I am enjoying the wealth of literary devices Melville uses in subtle ways. I love Melville’s irony in often having one disguise of the confidence man ask about himself to an unknowing passenger. The word “confidence” seems to have multiple layers. I lost count of the amount of times the word was included in the first chapters of the book. Over and over again, the confidence man asks, “Can you have confidence in me?” The answer to the question is invariably no, and yet after stuttering and flutters of conscience, most of the unsuspecting victims not only put confidence in this masquerading man but contribute to his financial well being. He preys upon each individual’s weakness. He riles up the collegiate with philosophical talk about gloomy people, winning his favor and his dollars. He enlists the sympathy of the good-hearted woman by playing upon her loyalties to a false fund, the Widow and Orphan Asylum. And all the while he records these transactions in a mysterious, suspicious black book.

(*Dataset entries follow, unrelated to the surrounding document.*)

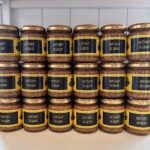 Row of glass jars with gold lids labeled 'Moutarde en grains' on a shelf, containing whole-grain mustard.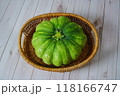 green pumpkin on a white wooden background 118166747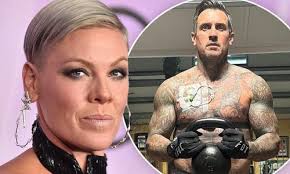 Pink's husband Carey Hart lifts weights as he has a catheter installed in  his chest: 'My old & infected self is still getting after it'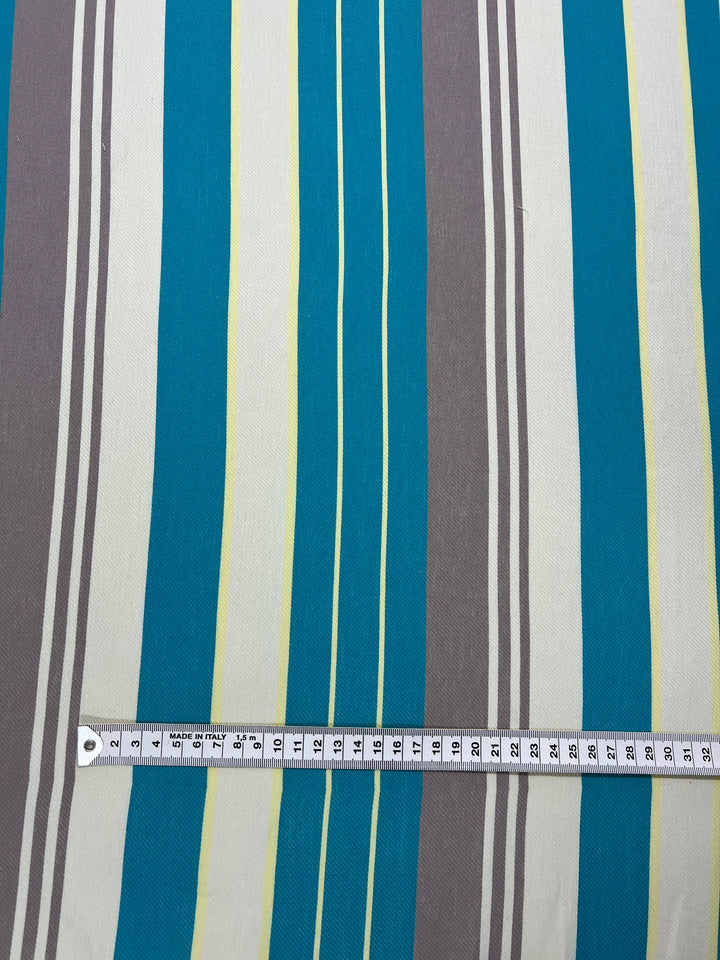 A striped fabric with vertical lines in various colors, including teal, gray, white, and yellow. Part of the Super Cheap Fabrics Designer Cotton - St.Tropez - 157cm range, this eco-friendly fashion piece features a measuring tape placed horizontally across the fabric, showing measurements in centimeters and inches.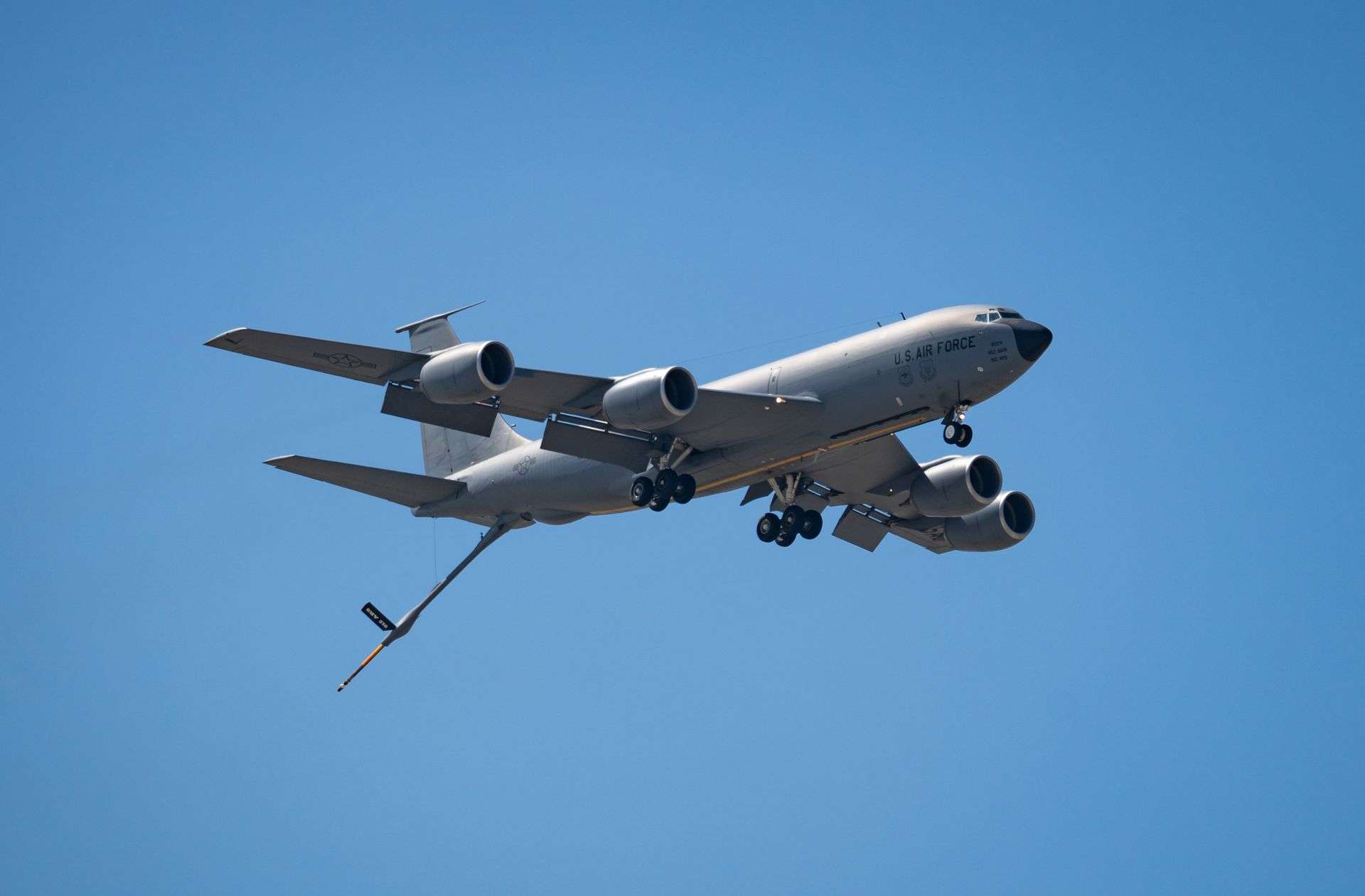 A U.S. Air Force aerial refueling tanker aircraft flying against a clear sky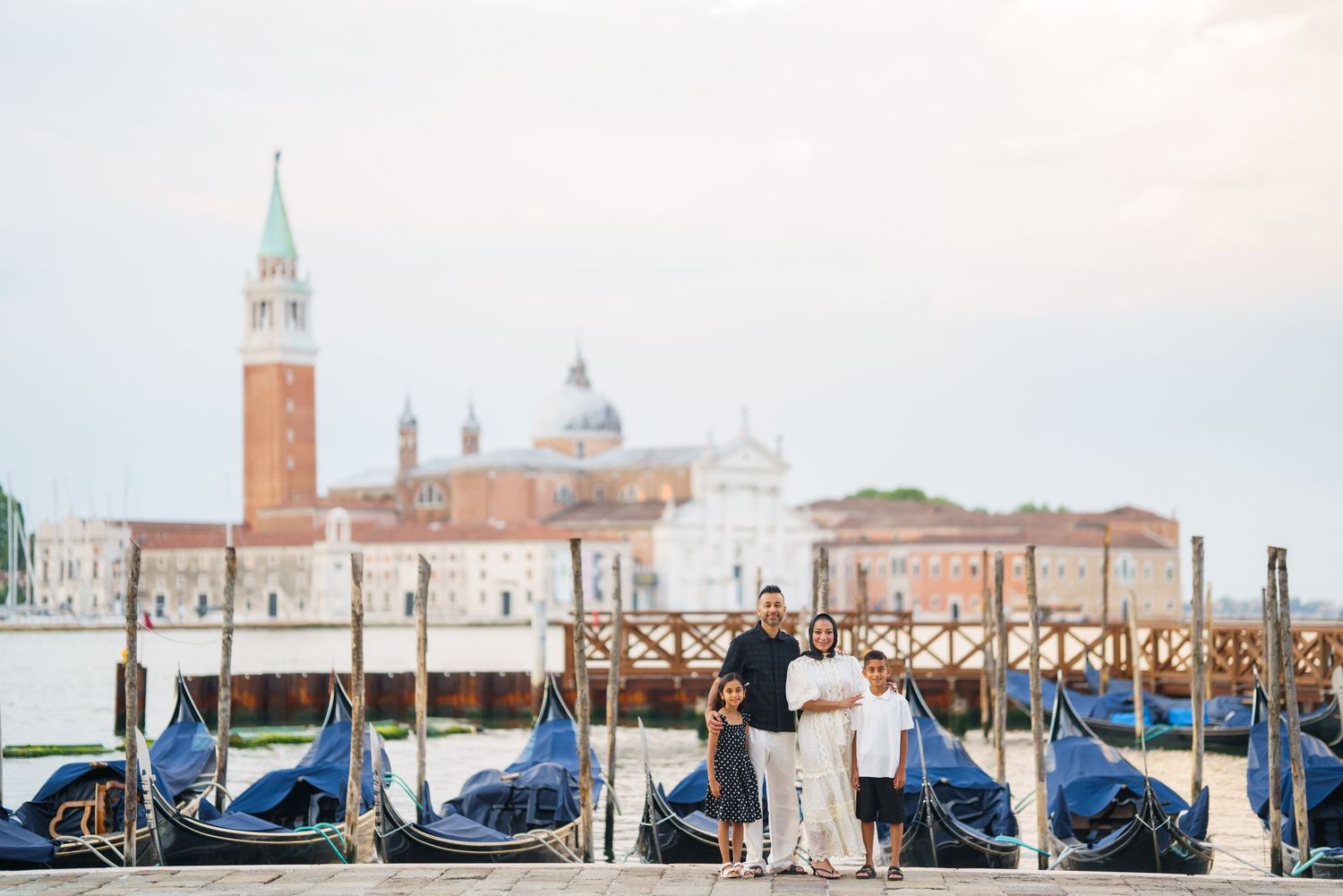 Family posing by gondolas in Venice with San Giorgio Maggiore church in the background.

Already at least one level of the title’s meaning seems clear. This man, who seems to be the devil in various disguises, always brings up the issue of confidence in mankind followed by philanthropic action. Confidence in this sense seems to be a general trust in the heart of man, a propensity to assume the best about a perfect stranger rather than resorting to suspicion. Of course, the irony in such a name is that the confidence man is completely unworthy of the trust he idolizes in conversation to others; he merits every ounce of suspicion. The second half of the title, “His Masquerade” seems fitting aboard this Fidele vessel. He parades about the ship deck, switching faces and games but always with the same deceitful motive and twisted ambition.

The conversation between the confidence man and the gentleman with gold sleeve buttons was particularly interesting. The confidence man tells the gentleman of his grand plan to collect worldwide taxes to forever wipe out need in one swoop, saying, “You see, this doing good to the world by driblets amounts to just nothing. I am for doing good to the world with a will. I am for doing good to the world once for all and having done with it…I am for sending ten thousand missionaries in a body and converting the Chinese en masse within six months of the debarkation.” I think Melville perfectly captures the serpent-like kind of persuasion characteristic of the devil in this scene. Everything about the plan sounds noble, efficient, and active. The most effective kind of deception is barely twisted truth rather than blatant lies. What the confidence man says sounds good, albeit impossible. Yet underneath such an idea, he lacks any compassion. This “humanitarian aid” sounds cold, calculated, and business like—unmotivated by any real compassion or desire to ease suffering. The confidence man is promising a quick fix without any real consideration for the people he proposes to aid.

Melville also includes a discussion of the difference between good and righteous. He introduces a character he calls a good man and then challenges the reader to judge whether righteousness or goodness is better. Of the good man, Melville says, “a merely good man, that is, one good merely by his nature, is so far from thereby being righteous, that nothing short of a total change and conversion can make him so; which is something which no honest mind, well read in the history of righteousness, will care to deny.” This seems to be at the crux of Melville’s allegory. Can a man be “good” in nature? Can, as the confidence man continually slithers and persuades, we put confidence in one another? Or does good only come out of what Melville (seemingly ironically or mockingly) calls a total change and conversion? I'm excited to find out more!